Das vergangene Jahr war wirklich intensiv und voller Herausforderungen. Die Professur, die zahlreichen parallel laufenden Projekte und das damit verbundene Reisen unter einen Hut zu bringen und dabei sowohl den äußeren als auch den eigenen Ansprüchen gerecht zu werden, war und ist keine leichte Aufgabe.
Was mich antreibt, ist zum einen eine innere Unruhe – der Drang zu experimentieren, zu wachsen und über Dinge nachzudenken oder zu lernen, die ich vorher noch nicht denken konnte. Zum anderen sind es die Begegnungen und der Austausch mit Menschen, die durch das Gestalten von Räumen entstehen.
Sowohl in der Kunst als auch in der Lehre empfinde ich es als unglaublich bereichernd, Räume und Erfahrungen zu schaffen, die Kommunikation, Wissen und Empathie fördern. Diese Räume können ganz unterschiedlich sein – manchmal sind es große, begehbare Installationen, die zum Nachdenken anregen, und manchmal ist es einfach eine heiße Tomatensuppe, die Menschen zusammenbringt.
In unserer Ausstellung steht das Zusammenspiel von Wasser und (Sonnen-)Licht im Fokus. Wie wählst du die Materialien für solche Arbeiten aus? Und wie gelingt dir die Balance zwischen natürlichen und technischen Elementen in deiner Kunst?
Die Arbeit mit dem Material ist gleichermaßen intuitiv wie auch ein systematischer Prozess. Es beginnt meist mit dem Interesse an einem bestimmten Effekt, dem ich dann über Experimente nachspüre, um ihn zu verstehen und reproduzieren zu können. Über das Beobachten, das spielerische Ausprobieren und akribische Testreihen arbeite ich mich langsam vor.

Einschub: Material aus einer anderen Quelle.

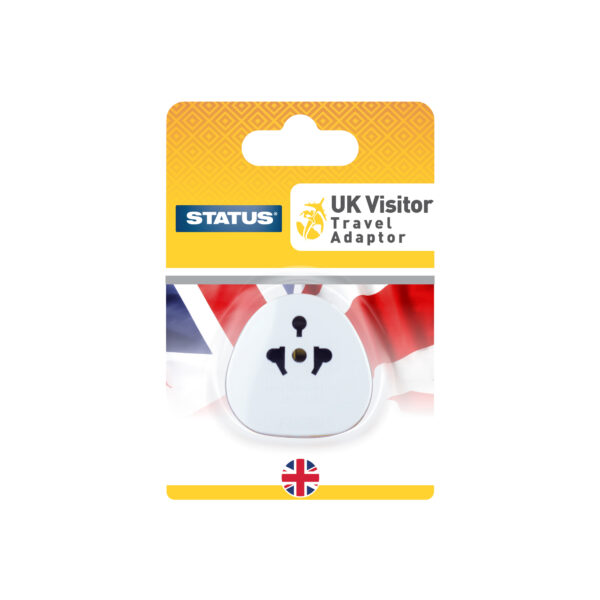 UK Visitor Adaptor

Dabei stehe ich immer wieder vor der Herausforderung Dinge zu skalieren. Denn nur weil etwas im Kopf oder in einem 20cm großen Modell funktioniert, heißt es noch lange nicht, dass das Ganze auch in 2 oder 20 Metern noch so wirkt. Dabei ist das Material ein bisschen wie eine Diskussionspartnerin, manchmal sind wir uns schnell einig, manchmal brauchen wir mehrere Monate um uns zu verstehen und zu harmonieren.
Deine Projekte wirken oft aufwändig und fordernd - gibt es bei dir so etwas wie einen Alltag? Und wie findest du darin Zeit und Inspiration für neue Arbeiten?
Einen richtigen Alltag gibt es nicht, dafür passieren ständig zu viele Ausnahmen. Es gibt Tage an denen ich das wunderbar finde und andere an denen ich das verfluche. Die meisten Tage und Wochen sind sehr voll, sodass ich mich gut strukturieren muss. Kleine Rituale helfen mir um in der Fülle der Verpflichtungen nicht unterzugehen. Derzeit ist es u.a. Gorgonzola-Pasta einmal die Woche am gleichen Ort zur gleichen Zeit.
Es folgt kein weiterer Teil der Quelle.